Multifamily – Multi Dwelling Market Update

US Multifamily Market Overview

In the third quarter of 2024, the gap between homeownership and rental costs reached an impressive $1,203, marking a 7.6% increase year-over-year. With mortgage interest rates at record highs, renting remains substantially more affordable than buying, a trend unlikely to reverse until rates ease. Homebuying has become especially prohibitive as the average 30-year fixed-rate mortgage now sits at 52.8% above the effective rate on existing mortgage debt. This elevated spread
suggests a limited likelihood of a resurgence in home sales until the disparity between rental and ownership costs narrows.

As of this quarter, demand has outpaced supply in 48 of the top 50 U.S. rental markets, the fourth consecutive quarter with such high demand. Strong rental uptake has driven down the national vacancy rate, which peaked at 5.9% in early 2024, to 5.6% by the third quarter, reflecting robust demand despite being 10 basis points higher than a year ago. This stability indicates the beginnings of a balanced market, although vacancy fluctuations remain modest. Sunbelt markets are leading the nation in inventory growth and unit deliveries, with Dallas and Austin at the forefront, followed closely by Atlanta and Houston, each adding approximately 25,000 new units over the past year. However, annual demand as a percentage of inventory reached 2.5% in the third quarter of 2024—a threshold that has been met or
exceeded only six times since 2000 in trailing twelve-month demand.
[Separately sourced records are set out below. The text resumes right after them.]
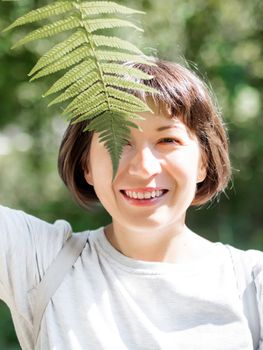 Young woman is hiding her eyes with fern leaf. Symbol of life, tranquility and unity with nature. Summer in forest.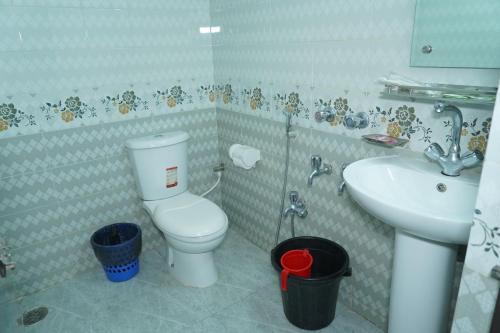 a bathroom with a toilet and a sink at Hotel Grand Shah Kamal in Sylhet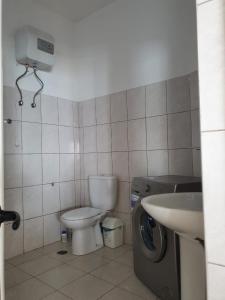 TarrafalSeaview Apartment的浴室配有卫生间、盥洗盆和洗衣机。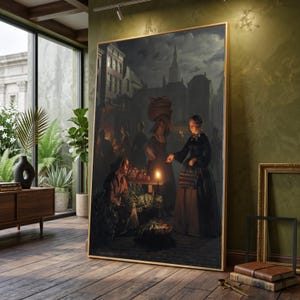 May include: A framed painting of a nighttime market scene, lit by candlelight. The artwork shows figures in a town square, including a woman in a dark dress and a basket on her head. The painting is displayed in a room with wooden flooring.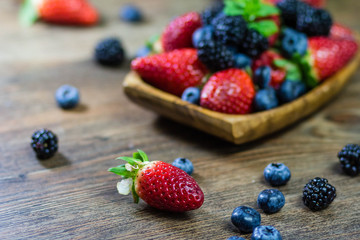 Mix Berries strawberries, blueberries, blackberries on Wooden Background. Summer Organic Berry over Wood. Agriculture, Gardening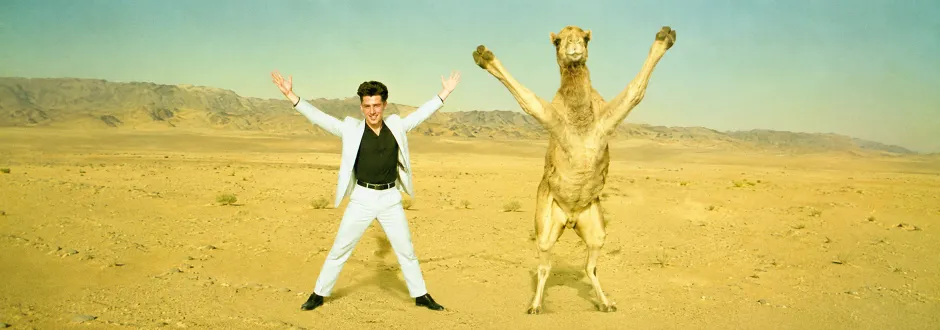 Thomas and a camel in the desert
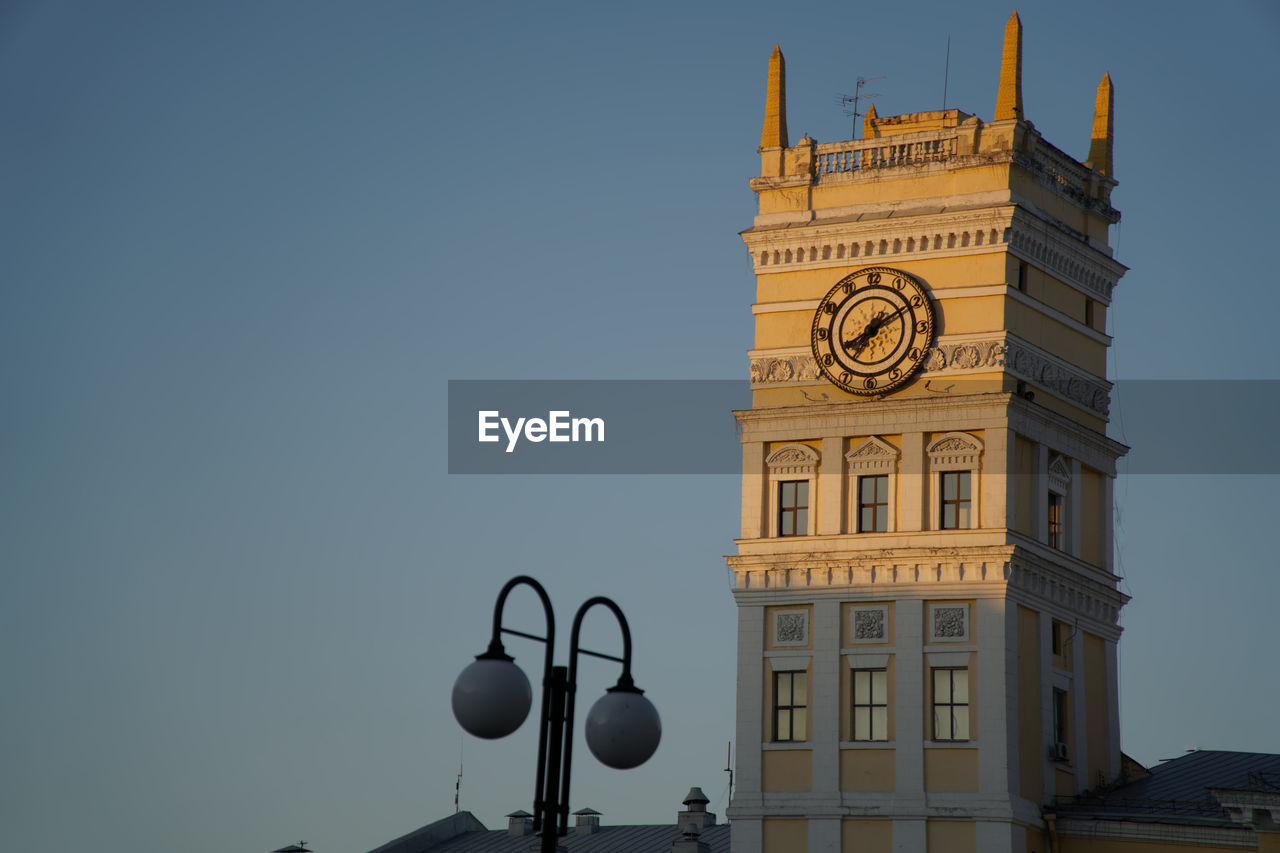 Low angle view of clock tower amidst buildings against sky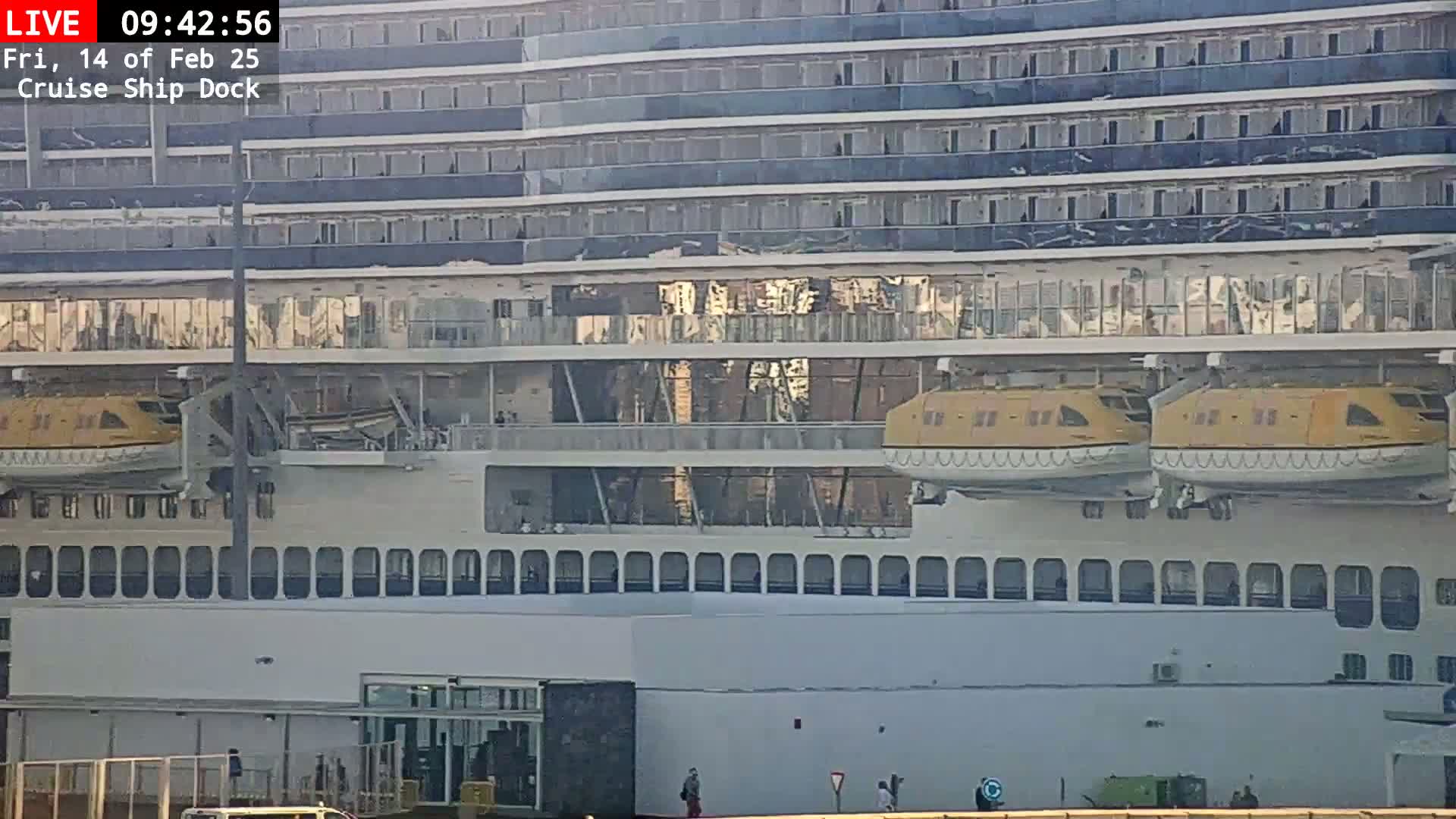 A large cruise ship, showing significant damage to its upper decks, is docked, with two lifeboats visible.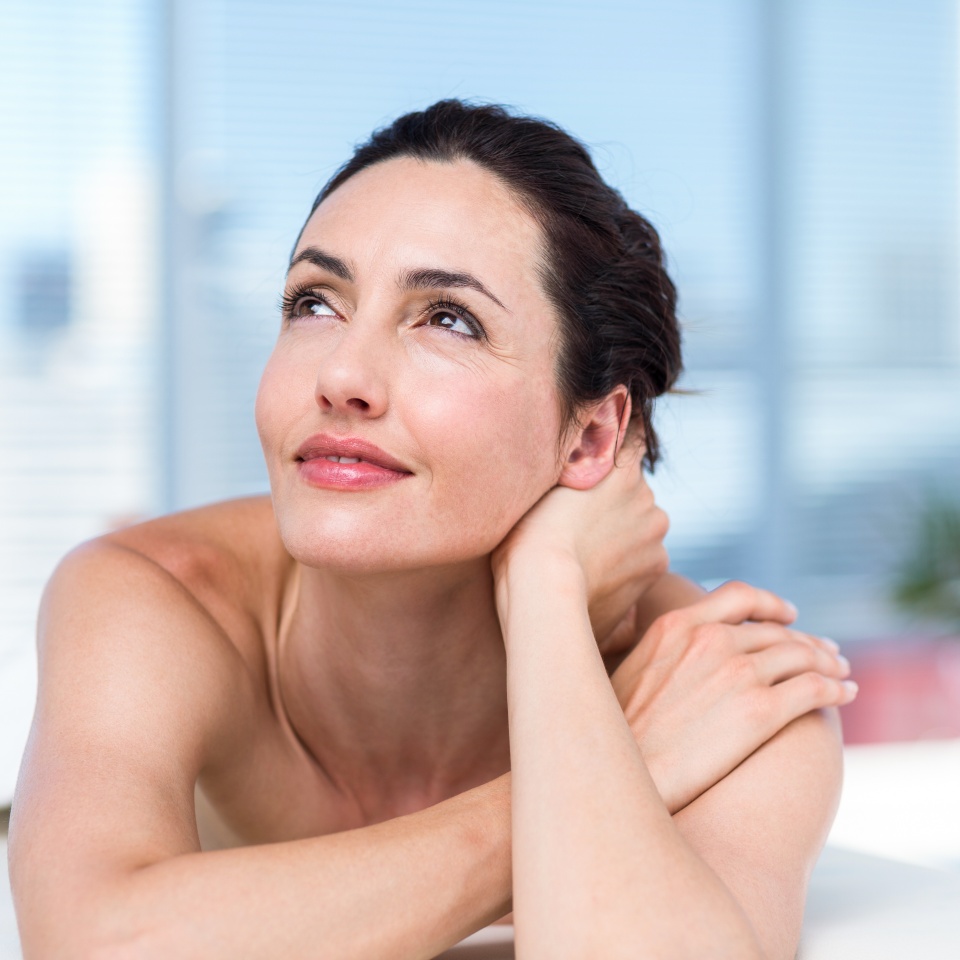 Smiling brunette relaxing on massage table in a healthy spa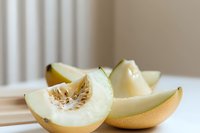 Fresh honeydew melon slices showing juicy flesh and seeds on white surface, soft natural lighting creates appetizing food composition for healthy eating concept.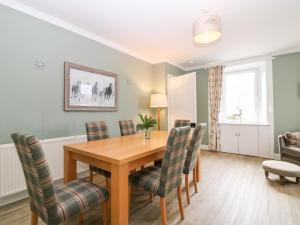 a dining room with a wooden table and chairs at White Hillocks Farm House in Inchmill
Rental demand reached 192,649 units in the third quarter, a remarkable 134.6% increase from the prior year and 117.3% higher than the long-term average. The rolling four-quarter demand for rental units has consistently risen for six consecutive quarters, totaling 488,773 units. In tandem, supply saw a record-breaking addition of 162,595 new units, surpassing the prior record of 149,896 units set in the previous quarter. However, projections indicate a deceleration in new unit deliveries through the fourth quarter and into 2025 and 2026.